The Assembly graph of Chondrosia reniformis is relatively simple and doesn’t have a complex structure. The connectivity of the nodes is clear but incomplete and lacking some indicative regions of overlapping contigs. Repetitive regions can be investigated by searching for multiple paths or connections in the graph.
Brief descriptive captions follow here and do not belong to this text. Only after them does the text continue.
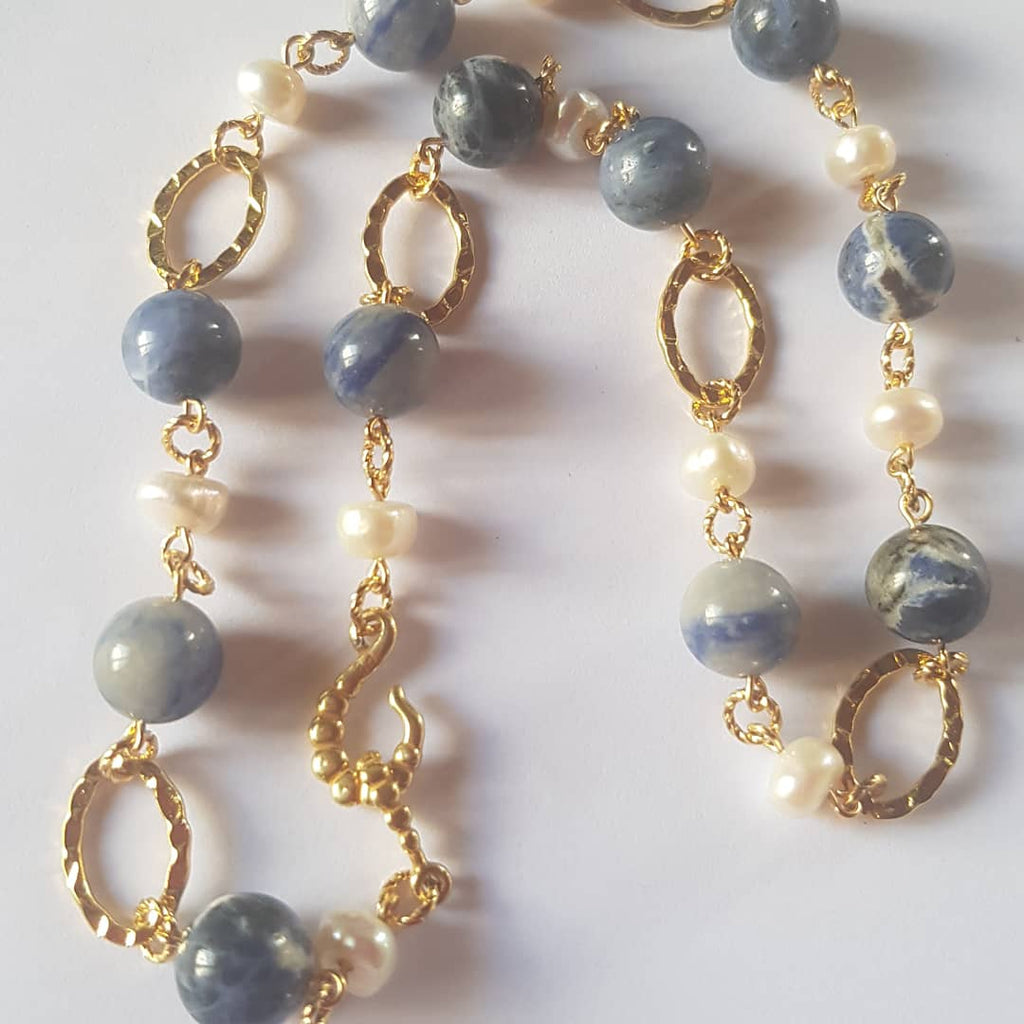Sodalite and pearl choker necklace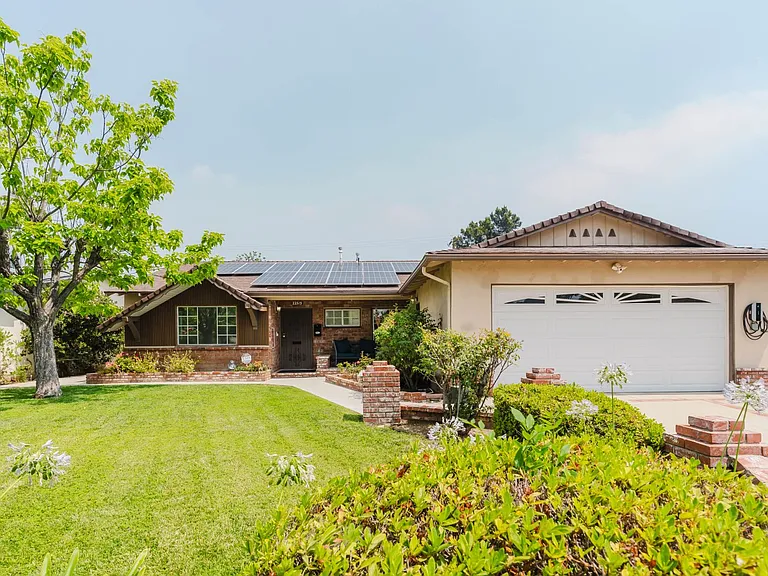 22515 Haynes St — Photo 2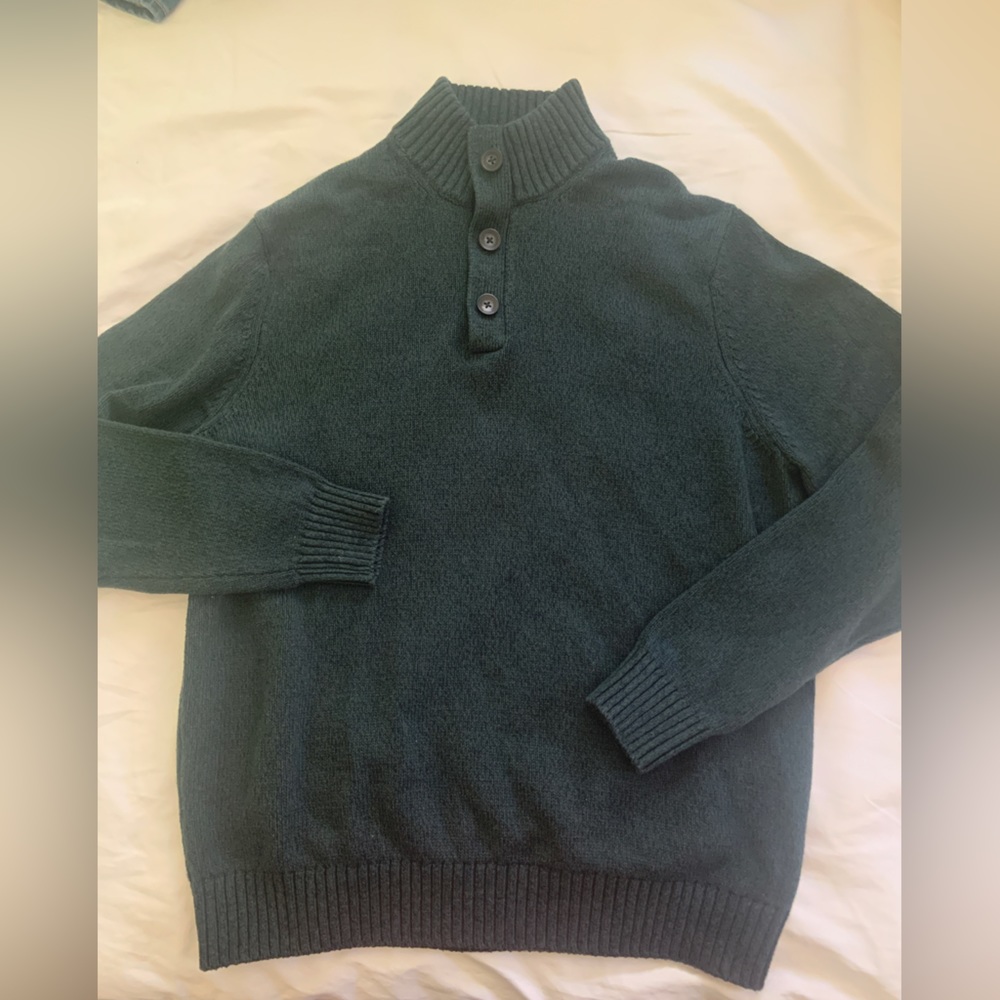 IZOD sweater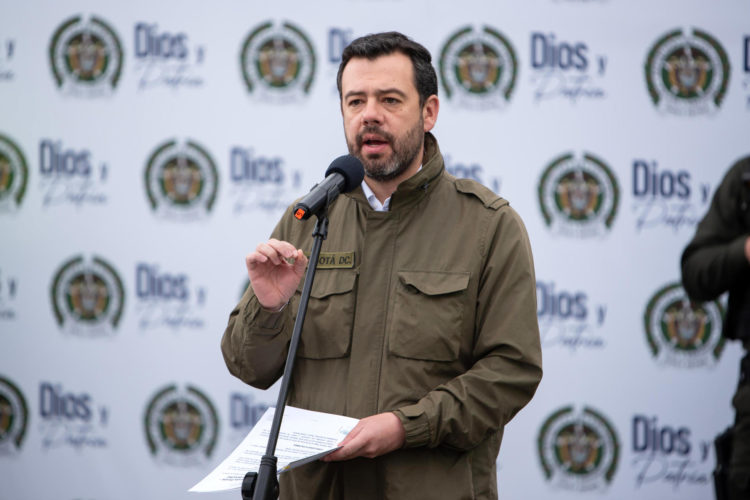 El alcalde de Bogotá da un parte de victoria por la captura de dos jefes del Tren de Aragua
Question: Assembly graph question

Which differences can you appreciate between the assembly graph corresponding to Erythrolamprus reginae and Eschrichtius robustus?

Figure 19: Assembly Graph Snake and Whale. Open image in new tab

Figure 19: Assembly graph of Erythrolamprus reginae (A) and Eschrichtius robustus (B). Contigs (nodes) are displayed in different colors and their connections (edges) are displayed as red dotted lines.
  • (A) The assembly graph of the snake (Erythrolamprus reginae) does have a confusing and complex structure. This can be an indicator for errors or misassemblies. The nodes are well-connected but relatively unclear in their path which is reflected by many small contigs and only a few large contigs. This assembly graph does contain a lot of repetitive sequences that result in multiple paths and connections between the nodes.
  • (B) The assembly graph of the whale (Eschrichtius robustus) is overall relatively simple and doesn’t have a too complex structure. The nodes are well-connected and most of the paths are clear which is reflected by many large contigs and only some small contigs. This assembly does also contain repetitive regions but clearly less than in the assembly of the snake.

Conclusion

In conclusion, it’s worth to run the a post-assembly QC workflow to assess the quality of genome assemblies. The following table contains metrics to sum up the quality control.

Figure 20: Final stats. Open image in new tab

Figure 20: This table contains 9 indicators for quality evaluation of three different organisms: Chondrosia reniformis, Eschrichtius robustus and Erythrolamprus reginae.